Nahueltruz se llevó la mano derecha a la frente para ocultar la pena. Él amaba profundamente a sus hermanos Linconao y Pichi Epumer o Epumer Chico, algunos años menores; incluso había nombrado a su hijo en honor del mayor, Linconao, ambos signados por el mismo nefasto destino. En cuanto a Pichi Epumer, Nahueltruz lo recordaba manso y benévolo, muy aficionado al padre Burela, quien le enseñó a leer y escribir el castellano. Mostraba siempre buena predisposición con todos, incluso con los cristianos. Fue él quien abogó por el coronel Mansilla cuando en oportunidad de su excursión al País de los Ranqueles en el 70, durante un acalorado parlamento, los principales loncos y ancianos querían comérselo vivo. Con la ayuda de Miguelito, se ocupó de protegerlo el tiempo que duró su estadía en Leuvucó. Para ese entonces, Nahueltruz se hallaba demasiado ocupado en conocer a su medio hermano, el padre Agustín Escalante, y se desentendió de las cuestiones políticas y del osado coronel.

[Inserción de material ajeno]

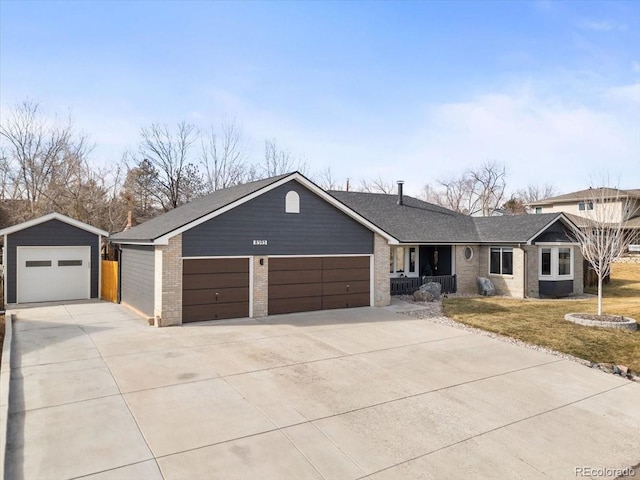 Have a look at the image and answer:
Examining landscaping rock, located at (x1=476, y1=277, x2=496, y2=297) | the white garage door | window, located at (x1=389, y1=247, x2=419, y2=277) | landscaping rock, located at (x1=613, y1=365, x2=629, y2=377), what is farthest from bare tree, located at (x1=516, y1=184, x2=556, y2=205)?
the white garage door

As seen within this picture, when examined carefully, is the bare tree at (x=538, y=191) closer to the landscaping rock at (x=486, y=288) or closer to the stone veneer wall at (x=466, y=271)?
the stone veneer wall at (x=466, y=271)

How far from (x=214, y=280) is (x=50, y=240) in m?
8.74

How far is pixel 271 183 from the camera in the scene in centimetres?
1395

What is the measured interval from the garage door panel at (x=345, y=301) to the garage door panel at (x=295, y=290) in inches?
17.9

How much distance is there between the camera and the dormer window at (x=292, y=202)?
14445 millimetres

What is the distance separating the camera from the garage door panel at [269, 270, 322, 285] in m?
14.3

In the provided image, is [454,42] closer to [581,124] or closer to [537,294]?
[581,124]

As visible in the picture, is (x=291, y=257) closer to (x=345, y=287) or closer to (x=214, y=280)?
(x=345, y=287)

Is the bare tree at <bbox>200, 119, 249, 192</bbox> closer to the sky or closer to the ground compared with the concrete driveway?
closer to the sky

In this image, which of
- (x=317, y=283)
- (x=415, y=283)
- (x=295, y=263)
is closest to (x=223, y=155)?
(x=415, y=283)

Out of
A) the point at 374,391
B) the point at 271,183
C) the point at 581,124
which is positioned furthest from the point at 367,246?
the point at 581,124

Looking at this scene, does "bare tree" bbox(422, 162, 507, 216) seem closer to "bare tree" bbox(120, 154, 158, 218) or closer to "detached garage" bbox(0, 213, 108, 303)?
"bare tree" bbox(120, 154, 158, 218)

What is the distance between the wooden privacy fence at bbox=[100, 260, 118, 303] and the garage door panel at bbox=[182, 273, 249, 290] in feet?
18.8

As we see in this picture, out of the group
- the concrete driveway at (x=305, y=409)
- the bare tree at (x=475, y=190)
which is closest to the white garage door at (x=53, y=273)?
the concrete driveway at (x=305, y=409) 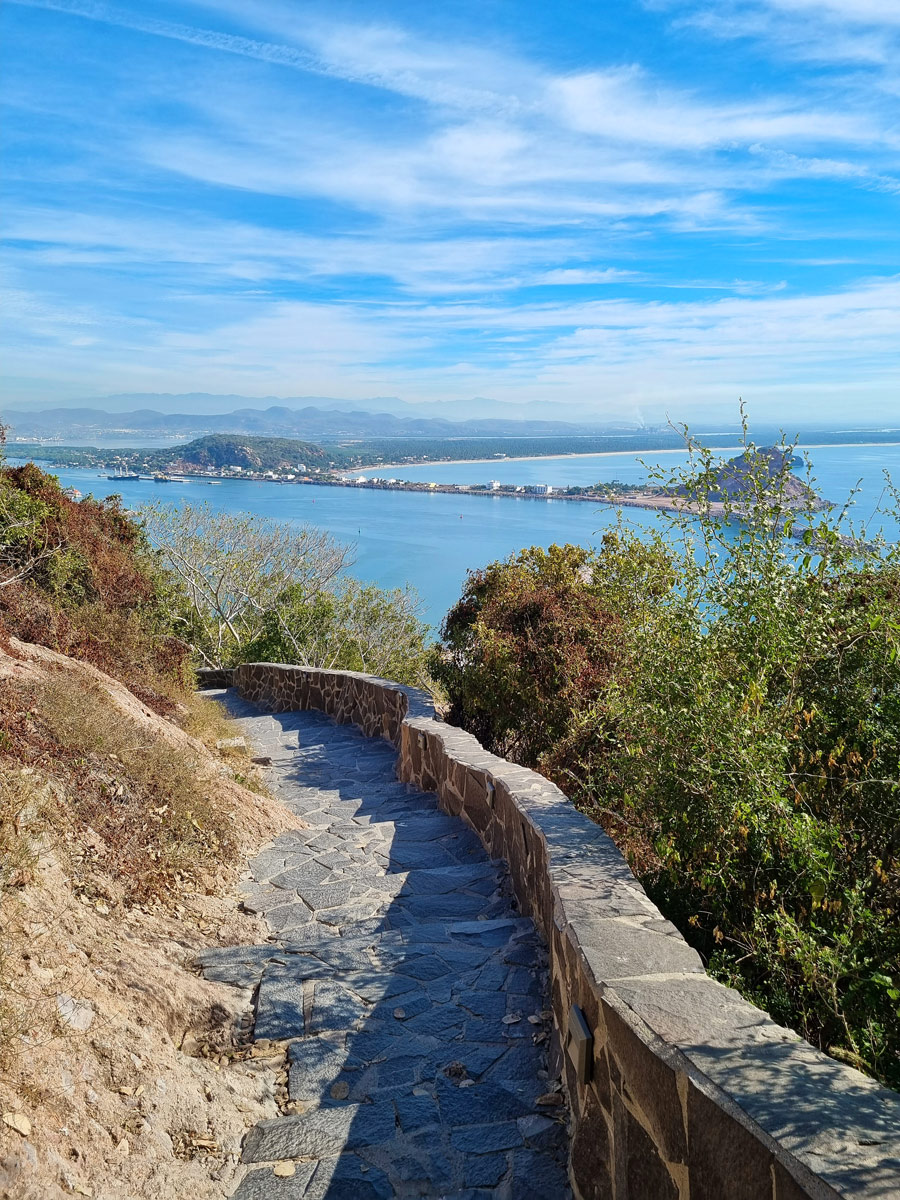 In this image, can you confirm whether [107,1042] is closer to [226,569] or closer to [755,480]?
[755,480]

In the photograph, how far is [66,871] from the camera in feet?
12.9

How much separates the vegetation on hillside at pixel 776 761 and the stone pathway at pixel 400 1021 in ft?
2.69

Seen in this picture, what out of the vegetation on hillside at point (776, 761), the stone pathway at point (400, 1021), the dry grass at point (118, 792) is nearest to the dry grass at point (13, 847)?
the dry grass at point (118, 792)

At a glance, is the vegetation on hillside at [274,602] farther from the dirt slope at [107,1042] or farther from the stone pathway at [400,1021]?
the dirt slope at [107,1042]

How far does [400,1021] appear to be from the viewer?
3.64m

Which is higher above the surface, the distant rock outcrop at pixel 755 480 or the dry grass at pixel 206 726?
the distant rock outcrop at pixel 755 480

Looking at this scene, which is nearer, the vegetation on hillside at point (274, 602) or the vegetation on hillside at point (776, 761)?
the vegetation on hillside at point (776, 761)

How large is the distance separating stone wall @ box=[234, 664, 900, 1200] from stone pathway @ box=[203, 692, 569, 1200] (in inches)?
8.1

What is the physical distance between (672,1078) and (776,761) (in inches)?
59.4

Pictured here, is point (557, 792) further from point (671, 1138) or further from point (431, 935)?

Epumer siguió hablando hasta que atardeció, respondiendo a las preguntas de su sobrino, contándole acerca de tanta gente y acontecimientos. Cuando tuvieron hambre, Nahueltruz puso varias monedas en la mano de un soldado para que les trajeran comida y bebida decentes. Epumer le confesó que era la primera vez que comía tan bien en Martín García, y Nahueltruz hizo llevar una parte a sus tías y primas, que permanecían en la pieza porque Epumer no les había autorizado acercarse. Espiaban desde el trapo que hacía de puerta. Cada tanto, Nahueltruz se daba vuelta y les sonreía, y ellas se ocultaban.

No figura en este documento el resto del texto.